The religious community saw the Supreme Court decision in Smith as a major threat to freedom of conscience, and an amazing coalition of groups—conservative, progressive, and everything in between, from the religious establishment and the religious fringe—got together and lobbied for the creation of something called the Religious Freedom Restoration Act (RFRA). In 1993 that law was approved, and it went into effect in 1994. This was a law passed by Congress that attempted to re-establish by legislative fiat the same standard that the Supreme Court had been using at the high water mark of its Free Exercise jurisprudence, that is, in Yoder. Congress said, This is the test that courts have to apply to individuals who object to being required to comply with any state or federal law to which they have a religious objection.

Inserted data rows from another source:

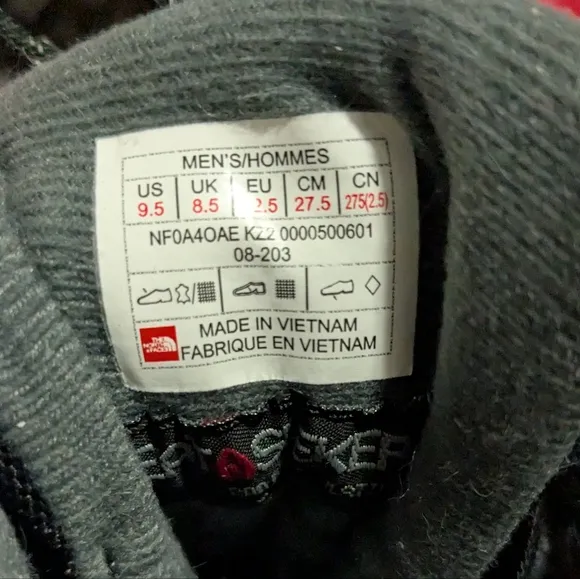 The North Face Black Winter Boots Men's 9.5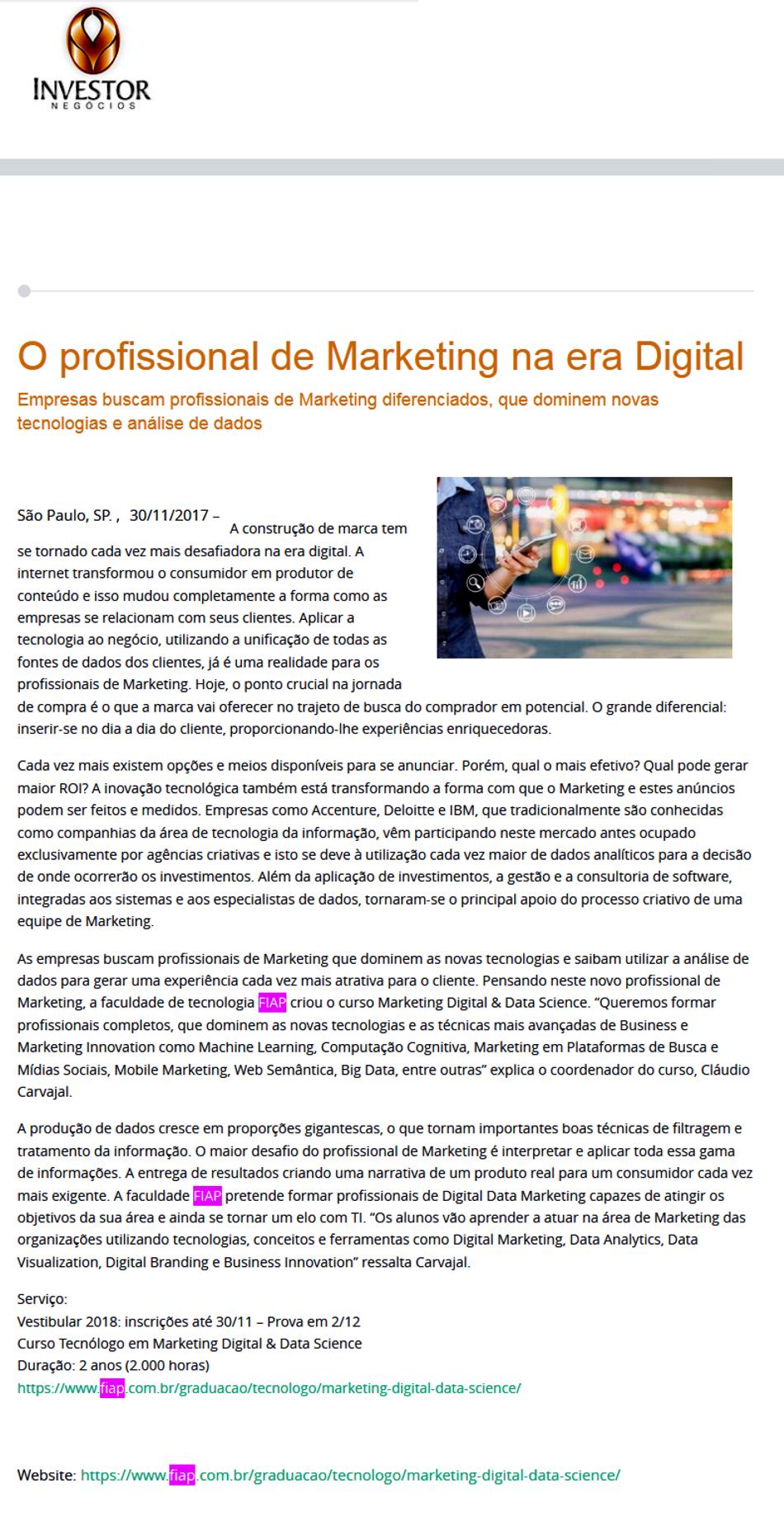1130- Portal Investor Negócios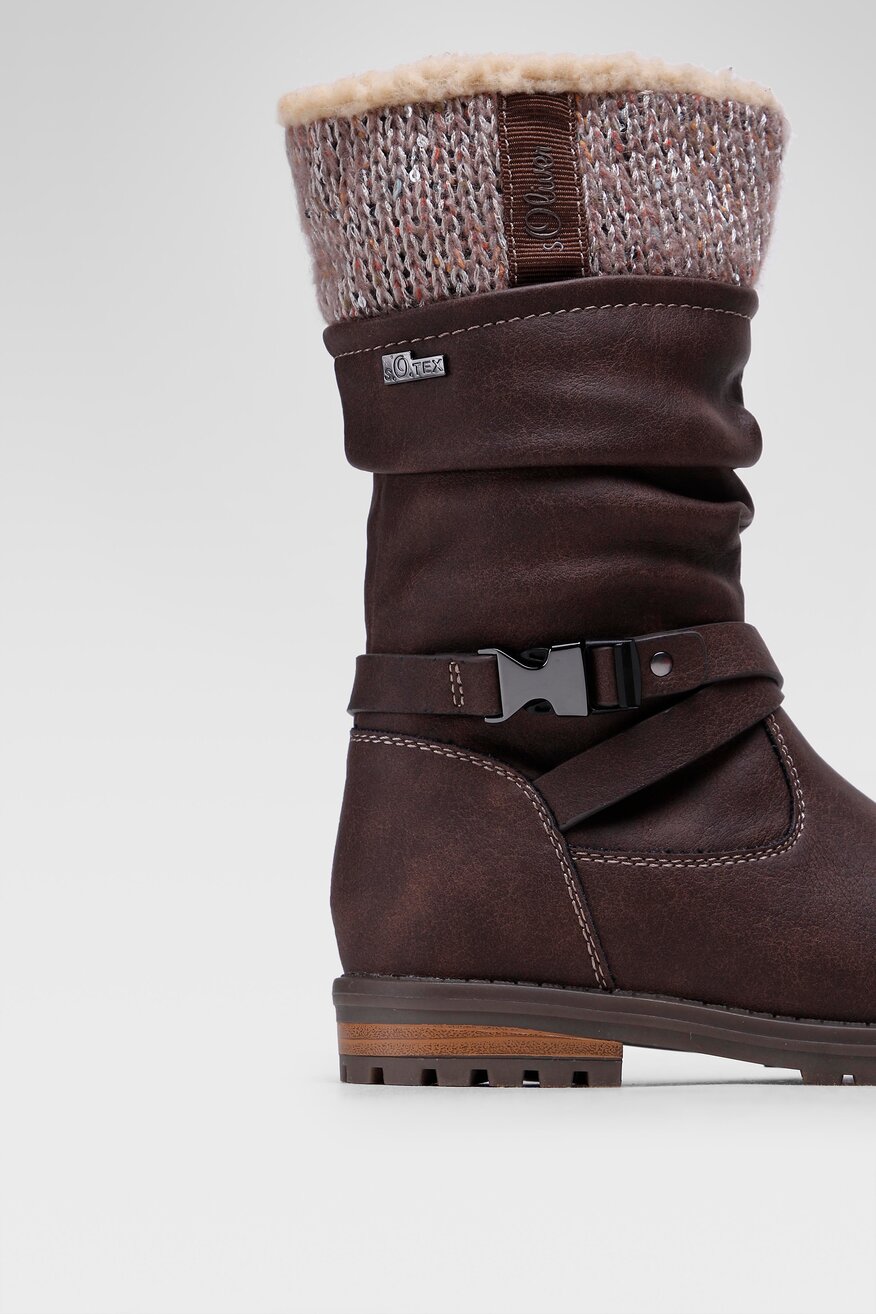 Kozaki S.Oliver RED LABEL 5/5-46600/27 Brązowy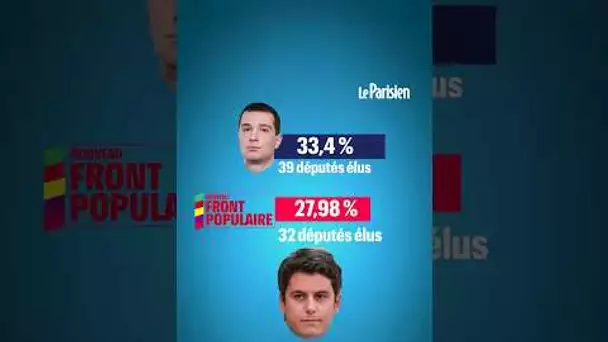Législatives : les résultats définitifs, parti par parti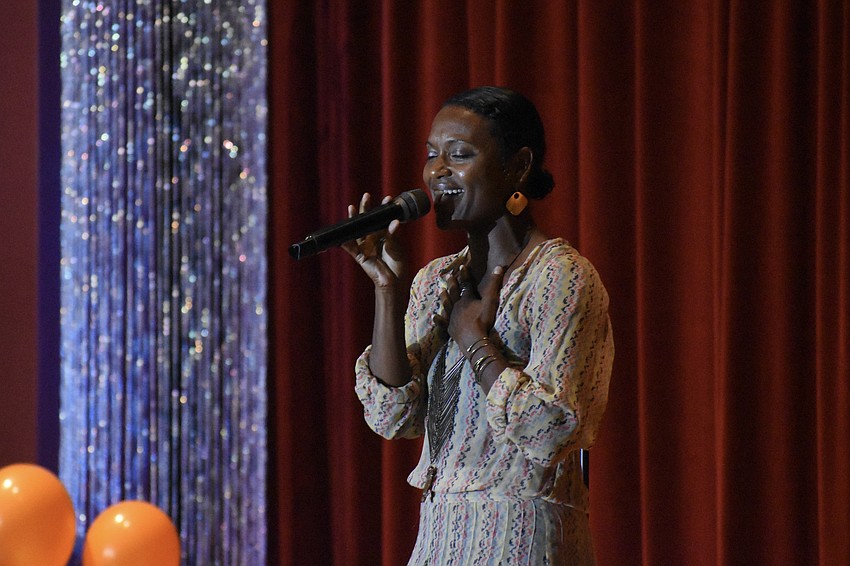 Syesha Mercado, a vocalist who is best known for her appearance on American Idol Season 7, sings 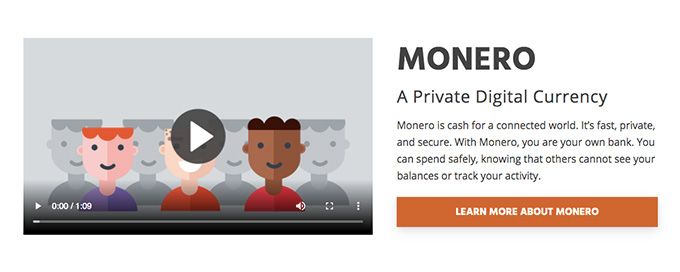 Monero: una moneda digital privada.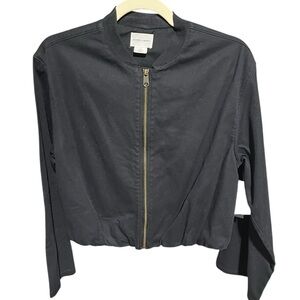 #3009 NWT MELROSE & MARKET Black Lightweight Jean Jacket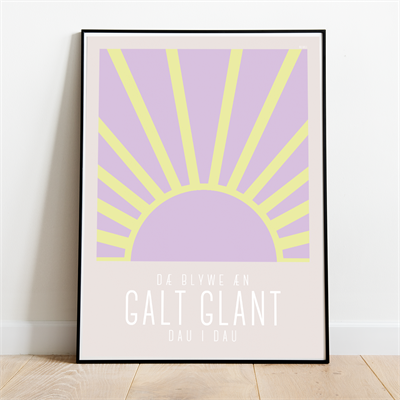 Galt Glant Daw Pastel Plakat - Mutmut Plakater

The rule established by RFRA was basically that an individual objection to compliance with any law has to be accommodated if it is possible to do so. The way the RFRA rule is framed is in these terms: the religious objection has to be honored unless (a) the law serves a compelling governmental interest, and (b) the infringement on conscience is the least restrictive alternative for dealing with the problem of objection — the least restrictive of individual liberty that is feasible. That’s a very strict test.

Health Care, Corporations, and Taxes for Peace

So, comes now 2012, 2013, and Congress passes — just barely — a major reform of the American health insurance system. The Affordable Care Act (ACA) has a provision making churches exempt from the birth-control coverage aspect of the law, if they object on religious grounds. Further, nonprofit, religiously affiliated organizations are provided an opportunity to say they are conscientious objectors, that they have a religious belief against some or all forms of birth control, and cannot in conscience provide these forms of birth control to their employees. And then, in that instance, there’s a side-stepping mechanism, and the insurance company has to provide those employees—the women, mostly — of those religiously affiliated nonprofits with the coverage directly.

[Hobby Lobby and Conestoga Wood Specialties — for-profit corporations owned by religious families — brought cases to court arguing that they should get the same exemption that is given to religious nonprofits.] In one federal appeals circuit, they lose their case, because corporations don’t have a right to free exercise of religion under RFRA, says the court. Corporations don’t have religious consciences or beliefs. In the Tenth Circuit, in another part of the country, on the other hand, Hobby Lobby wins. So the issue goes to the Supreme Court, because there’s a conflict between the two regional appeals courts. In June 2014, the Supreme Court decides in favor of the corporations.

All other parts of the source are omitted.